Do I overlook important details here, and is it really by Damereau-Levenshtein et al. that all this would have to be done, instead?
Good heavens, even I could do this, in AHK, and with triggering the basic algorithm, i.e. the "compare tool part", again and again, for each text block, from within my replicate-then-delete-all-identical-parts-consecutively script! (Of course, in such a hybrid thing, there would be a lot of time-consuming shuffling around, since the "compare tool part" triggered again and again would need to be fed with just the separate text BITS from both files, each time.)
At this moment, I can only trial FREE tools, since I don't have time to do a complete image of my system (and I want to stay able to trial these tools later on, too), but it seems most tools do NOT do it (correctly): E.g., I just trialled WinMerge, which is said to do it, with the appropriate setting ("Edit - Options - Compare - General - Enable moved block detection"), and with both yes and no, it does NOT do it, and btw, it does not ask for the necessary block divider code character either...
Other possible candidates: XDiff, XMerge, some parts within Tortoise (complicated system), ExamDiff Pro, and finally Diffuse which is said to do it - for any of these, and CompareIt! of course, the question remains if they are just able to handle moved LINES, or really BLOCKS, and without a given, predetermined block identifier character, I think results will be as aleatoric as they are in that so-much praised WinMerge.

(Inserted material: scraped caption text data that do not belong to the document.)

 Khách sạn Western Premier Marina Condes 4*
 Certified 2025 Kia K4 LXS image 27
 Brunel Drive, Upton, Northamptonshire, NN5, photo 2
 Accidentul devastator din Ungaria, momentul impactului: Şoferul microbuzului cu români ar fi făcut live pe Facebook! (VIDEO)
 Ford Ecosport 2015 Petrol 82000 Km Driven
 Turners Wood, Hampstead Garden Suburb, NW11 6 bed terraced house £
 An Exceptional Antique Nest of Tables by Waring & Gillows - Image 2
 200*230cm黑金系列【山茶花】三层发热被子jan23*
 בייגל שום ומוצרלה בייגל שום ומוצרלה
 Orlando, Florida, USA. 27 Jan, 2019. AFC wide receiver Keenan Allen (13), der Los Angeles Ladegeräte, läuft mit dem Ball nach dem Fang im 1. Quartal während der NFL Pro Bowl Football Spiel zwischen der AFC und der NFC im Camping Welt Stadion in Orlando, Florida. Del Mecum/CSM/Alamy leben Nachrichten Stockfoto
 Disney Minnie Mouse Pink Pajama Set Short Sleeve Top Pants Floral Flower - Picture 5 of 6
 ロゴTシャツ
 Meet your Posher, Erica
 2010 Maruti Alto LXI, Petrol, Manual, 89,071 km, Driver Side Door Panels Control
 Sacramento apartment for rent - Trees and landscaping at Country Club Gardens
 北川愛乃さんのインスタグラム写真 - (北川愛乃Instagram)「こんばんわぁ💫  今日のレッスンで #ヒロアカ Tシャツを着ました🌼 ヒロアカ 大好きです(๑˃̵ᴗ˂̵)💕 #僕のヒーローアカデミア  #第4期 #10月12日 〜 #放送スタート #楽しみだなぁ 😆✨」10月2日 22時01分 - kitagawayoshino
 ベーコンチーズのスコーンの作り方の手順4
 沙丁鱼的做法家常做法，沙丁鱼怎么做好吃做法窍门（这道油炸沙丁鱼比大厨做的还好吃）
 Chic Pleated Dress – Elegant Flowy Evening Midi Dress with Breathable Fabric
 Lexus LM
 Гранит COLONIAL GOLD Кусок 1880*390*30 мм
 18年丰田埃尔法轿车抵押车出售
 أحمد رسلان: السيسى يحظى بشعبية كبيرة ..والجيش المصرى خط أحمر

At the end of the day, it could be that there is NOT A SINGLE tool that does it correctly, and it's obvious many people over-hype (if such a thing is possible) free sw just because it's free (WinMerge, e.g. has navigation to first, prev and last difference, but lacks navigation to next difference, as incredible as that might look...).
EDIT: Well, I should add two things that go without saying, but for the sake of a "complete concept": first, that of course, the algorithm "doing" all these blocks can be much simpler than the regular algorithm that afterwards will do the remaining comparison (= time-saving), and second, that of course, we're only into "total identity or not" here, so it's obvious this sub-routine will speed on to the next "record" as soon as it detects the tiniest possible dissimilarity; both simplifications are NOT possible if I have to use a "regular", "standard" compare tool within a macro, for this part of the script.